Ecco Ghita, è sia il suo nome vero che quello d'arte ed è il diminuitivo di Margherita, sua nonna.

Sul tuo Myspace ti presenti come "due corde vocali, spesse e grosse" come mai?
MySpace è una vetrina fantastica, ma ti chiede di scrivere qualsivoglia cosa in qualsivoglia luogo. Quella frase di presentazione è sempre stato un cruccio per me, finché non ho deciso di metterci la presentazione delle mie corde vocali: spesse e grosse. È anatomia, niente di più, a corde più lunghe e spesse corrisponde un suono più scuro. Ho studiato tanto la voce e il suono e mi divertiva molto aprire la mia pagina MySpace in questo modo, in fin dei conti la mia voce è la vera Ghita.

Da dove deriva il nome Ghita?
La mia bisnonna, Margherita, era (Nonna) Ghita, per tutti. Ed io anche lo sono. All’anagrafe, niente nomi d’arte, solo un po’ di fortuna. il mio secondo nome è Clara, per questo in internet, in qualsiasi social network sono Ghita Clara. Anche qui non sono stata molto fantasiosa! Il fatto che Ghita sia un nome ‘esotico’ (ho poi scoperto essere un nome indiano e africano) ed io, secondo molti, abbia la faccia da indiana, tunisina, marocchina e via discorrendo è stato solo un caso.
 
Come mai hai scelto come primo strumento la chitarra?
Ho avuto ogni tipo di strumento in giro per casa sin dalla nascita. Dall’hammond alla chitarra, dal piano al sax, dal flauto al mandolino. Ho provato molte strade prima di arrivare alla chitarra. Il mio primo strumento però rimarrà sempre la voce, ho iniziato da bambina e mi hanno educato sempre a pensare alla voce come uno strumento, ed è la cosa che amo di più in assoluto. La chitarra è arrivata dopo, sotto un albero di Natale, dopo un lavoro ai fianchi a mio fratello che, esausto, me l’ha regalata insieme alla mia famiglia. Era classica, poco costosa e perennemente scordata. Da quel momento ci siamo scelte, in un perenne rapporto di amore e odio.
 
Sei passata dalla musica classica e sacra al rock/blues. Cosa hai imparato da questi generi musicali?
La musica classica, insieme a quella sacra, mi ha accompagnato per i primi 10 anni di approccio alla voce in maniera più professionale. Avevo 6 anno, e a 6 anni impari senza accorgertene. Cantando nel coro ho imparato gli elementi dello stare insieme, del divertirsi con la voce, di creare ed armonizzare (sia un accordo che gli animi!), poi che fosse musica cosiddetta ‘colta’ l’ho imparato molto dopo, per me è sempre e solo stata musica.

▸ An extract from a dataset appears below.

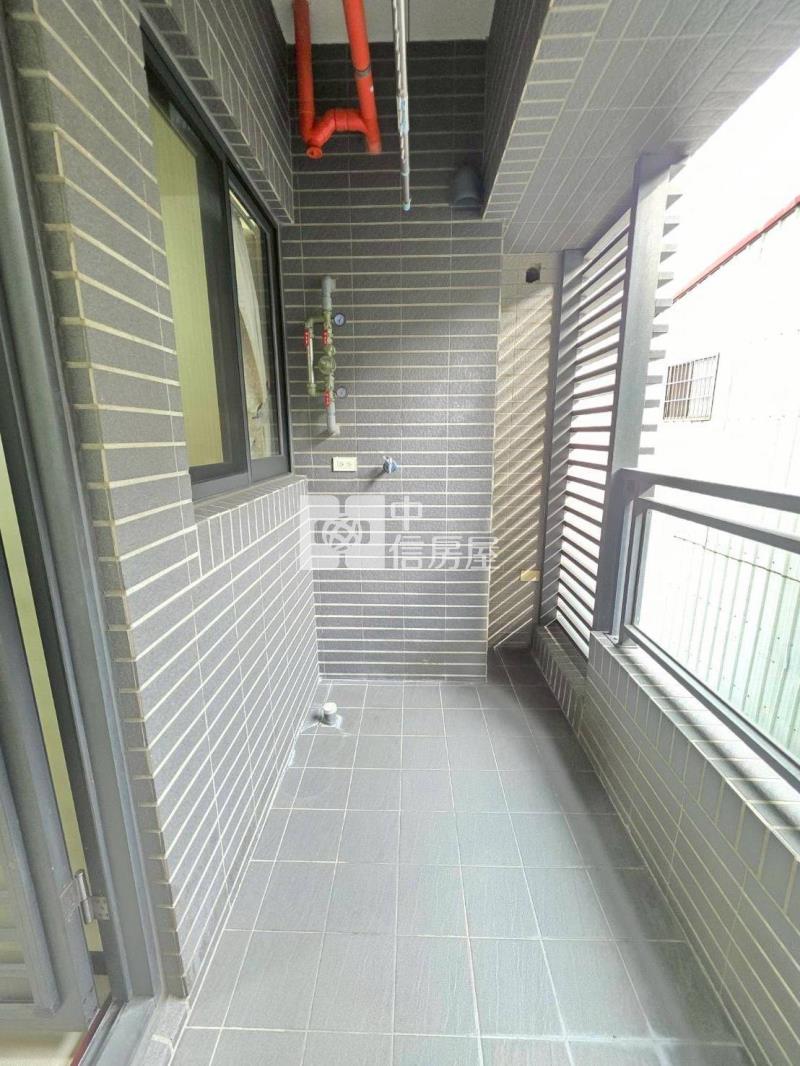 大里輕屋齡三房車位房屋室內格局與周邊環境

Ho imparato l’elasticità.

Pensi che tra i tuoi colleghi ci sia poco rispetto della nostra cultura musicale?
Troppi ragazzi sono impauriti dalla nostra tradizione colta, quando invece c’è solo da imparare, è importante fermarsi ed ascoltare come la ‘canzonetta’ trovi il suo corrispettivo nei secoli. Pareri, niente di più, ma almeno io mi diverto.

A quando poi la svolta rock?
Ho cantato sempre con gioia, per la voglia di cantare e niente di più. Bisogna dire però che con il rock ho avuto il mio primo approccio al palco da solista, e questo non si può dimenticare. Grazie al rock ho trovato il coraggio di essere sul palco quello che negli anni sono diventata, più smaliziata, pronta a comunicare il divertimento. Con il blues sono arrivata ad equilibrare questi aspetti, grazie anche al fatto di aver cominciato a fare serate solo con i mie brani. Ogni genere ha il suo perché, credo di aver provato a cantare davvero di tutto, perché tutto ti può insegnare.

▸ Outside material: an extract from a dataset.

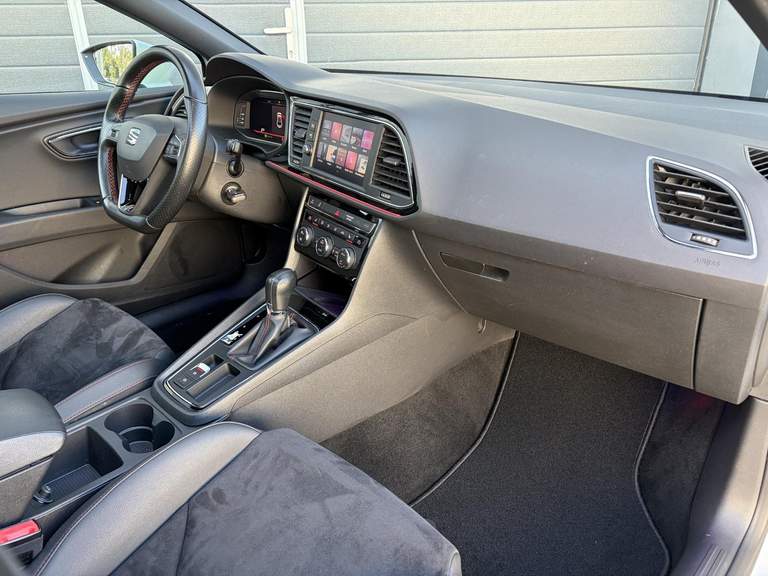SEAT SEAT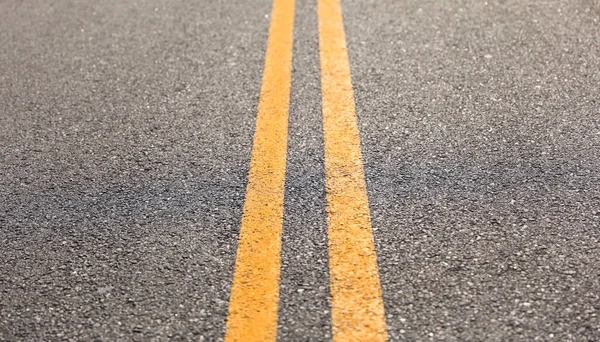 Dubbele Gele Lijn Straten Symboliseren Verkeersregulering Geen Passerende Zones Weggrenzen — Stockfoto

Quanti testi hai scritto sino ad oggi?
I testi che ho scritto sono innumerevoli. Certo, se contiamo tutti i testi. Le canzoni sono un’altra cosa. Io scrivo da quando ho imparato, non ho mai smesso, ho quaderni e diari ‘poetici’ anche della più tenera età. Nella mia borsa non può mancare un quaderno, una matita e una penna (a seconda dell’umore scrivo con l’una o con l’altra). Sono sempre in giro e avere qualcosa su cui fermare i miei pensieri è per me fondamentale.

Ricordi il tuo primo brano come si intitolava e di cosa parlava?
Il primo brano musicato l’ho scritto verso i 9 anni.. parlava del tempo che andava, dei giorni che passavano lenti. A 9 anni! Chissà cosa mi passava per la testa. In realtà lo avevo musicato a mente, senza fermare nulla su uno strumento, per questo di questa litania sulla vita non rimane che il testo (ben custodito!). Il primo di cui si abbia documentazione sia strumentale che vocale risale ai 15 anni, ma anche di questo è bene che rimanga solo un simpatico ricordo!
 
Hai già inciso un demo?
Ho inciso diversi demo.  Non ho fatto uscire ancora nulla di ufficiale, nessun Ep, demo o disco. Entro in studio e fermo quello che preferisco. Ad oggi quello che presento come demo è un cd con 4 brani che ho registrato con l’aiuto della mia fedelissima band, in quattro momenti diversi. In estate dovrei cominciare a lavorare su quello che potrebbe diventare il mio primo disco, autoprodotto.

Ti sei posta un obbiettivo?
Il mio obbiettivo adesso è fare tutto ciò che è in mio potere fare per raggiungere il mio obbiettivo. Così però è l’obbiettivo dell’obbiettivo. Ok, ricomincio: il mio obbiettivo è non rimpiangere mai nulla, cercare la mia felicità e la mia stabilità in quello che faccio, che è lavorare con la musica, a tutti i livelli. Se dobbiamo parlare di obbiettivo pratico, beh, speriamo di trovare una produzione per il mio disco!
 
Cosa ne pensi del successo dei ragazzi dei talent show nella hit parade?
Penso che la vita di ognuno sia diversa da un’altra. E credo che chiunque abbia il diritto di fare ciò che ritiene più giusto. Il talent show non mi piace concettualmente, soprattutto se “reality”, anche se devo ammettere che guardarli ha il suo lato comico, antropologico e costruttivo. La parola chiave è “successo”: non mi piace il fatto che in classifica ci siano perlopiù ragazzi dei talent show, che a loro volta chissà quante volte avranno provato a sfondare, ma ci sono riusciti solo grazie alla tv, per questo non critico. Non si sa mai quello che succede “dietro le quinte”.  Questo non vuole mettere in dubbio il talento dei ragazzi che partecipano agli show, ma la modalità di uscita, e questo di certo non può dipendere dai ragazzi. Che la discografia sia cambiata, e anche in crisi, non lo devo dire io. Credo anche però che in ogni periodo storico ci sia qualcosa su cui ridire, quello che ci rimane da fare è solo lavorare sodo, e poi, ripeto, penso che chiunque abbia il diritto di fare ciò che ritiene più giusto. L’importante è perseguire il proprio obbiettivo.